Read CHAPTER XIX - IN CHINA AND JAPAN of Charles Carleton Coffin, War Correspondent, free online book, by William Elliot Griffis, on ReadCentral.com.

At Penang, in the Spice Islands, the verge of the Flowery Kingdom seemed to have been reached. “We might say that that land had bloomed over its own borders, and its blossoms had fallen here.... Nearly the entire population of this island, 125,000 in all, are Chinese.” At Singapore, the town of lions, he met an American hunter named Carroll, who lived with the natives and had won fame as a dead shot. Fortunately for humanity, that contests with the aboriginal beasts a possession of this part of the earth, the leonine fathers frequently devour their cubs, else the earth would be overrun with the lions.

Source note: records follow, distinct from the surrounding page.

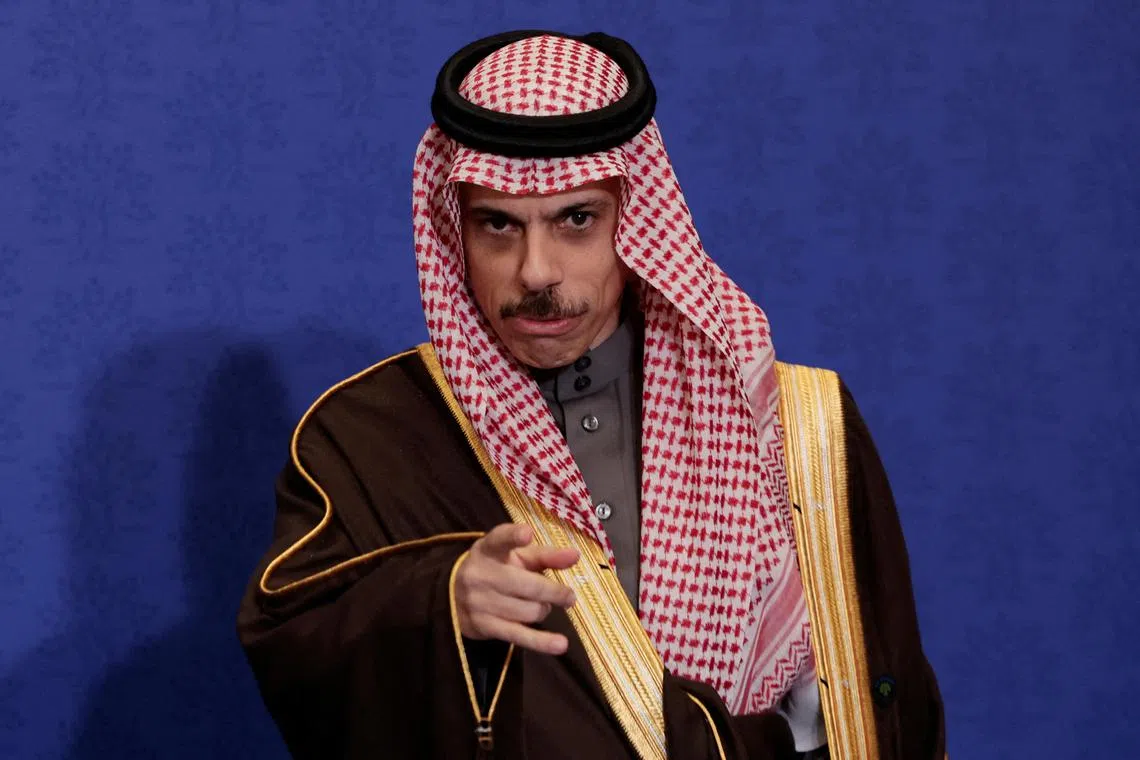 FILE PHOTO: Saudi Foreign Minister Prince Faisal bin Farhan Al-Saud points his finger towards the camera ahead a family photo with other G7 foreign ministers as they meet in Fiuggi, Italy, November 25, 2024. REUTERS/Remo Casilli/File Photo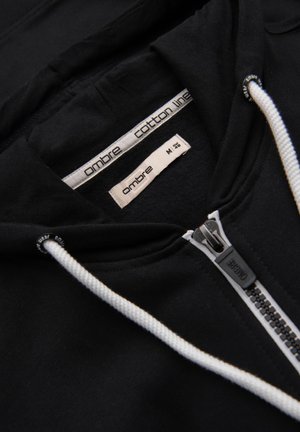 Felpa nera in cotone con zip e lacci bianchi, caratterizzata da un'etichetta con la scritta "ombre cotton line" e taglia M. Tessuto dalla consistenza liscia.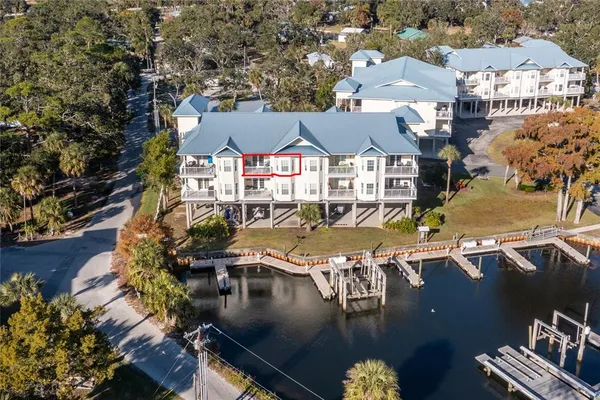 a view of a blue house with a ocean view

Seventeen days on the Clan Alpine passed by, and then, on the 10th of June, the captain pointed out the “Asses’ Ears,” two black specks on the distant horizon, which gave them their first glimpse of China. On Saturday afternoon, Mrs. Coffin had the pleasure of being told, by the healthy-looking captain of the sampan or boat by which they were to get ashore, that she was “a red-faced foreign devil.” This was a Chinese woman, of thirty-five or forty, who commanded the craft. The next day, Sunday, they went to church in sedan-chairs, and sat under the punkas or swinging-fans, which cooled the air. On Monday, while going around with, or calling upon, the missionaries Preston, Kerr, and Parker, the Americans who had a sense of the value of minutes found that the “Chinese are an old people. Their empire is finished, their civilization complete, and time is a drug.” The walls of the great Roman Catholic Cathedral, costing over four million dollars, were then but half-way up.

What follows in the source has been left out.